From mboxrd@z Thu Jan  1 00:00:00 1970
Return-Path: <owner-linux-mm@kvack.org>
Received: from mail-ed1-f70.google.com (mail-ed1-f70.google.com [209.85.208.70])
	by kanga.kvack.org (Postfix) with ESMTP id 8597C8E0001
	for <linux-mm@kvack.org>; Wed, 26 Sep 2018 10:17:13 -0400 (EDT)
Received: by mail-ed1-f70.google.com with SMTP id v16-v6so1387370eds.1
        for <linux-mm@kvack.org>; Wed, 26 Sep 2018 07:17:13 -0700 (PDT)

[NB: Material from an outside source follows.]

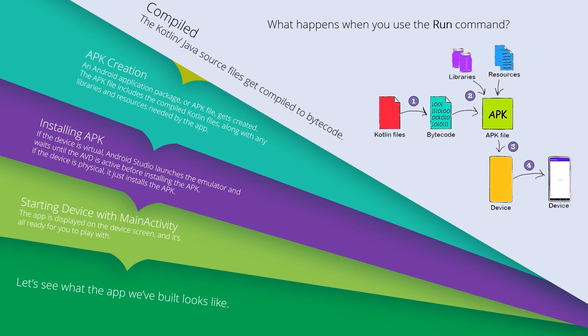Then we create an APK file from the libraries, resources, and the bytecode - we mix them together. Android Studio will then install the APK. If the device is virtual, Android Studio launches the emulator and waits until the AVD is active before installing the APK. If the device is physical, it just installs the APK.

Received: from mx1.suse.de (mx2.suse.de. [195.135.220.15])
        by mx.google.com with ESMTPS id z50-v6si1335522edd.360.2018.09.26.07.17.11
        for <linux-mm@kvack.org>
        (version=TLS1_2 cipher=ECDHE-RSA-AES128-GCM-SHA256 bits=128/128);
        Wed, 26 Sep 2018 07:17:11 -0700 (PDT)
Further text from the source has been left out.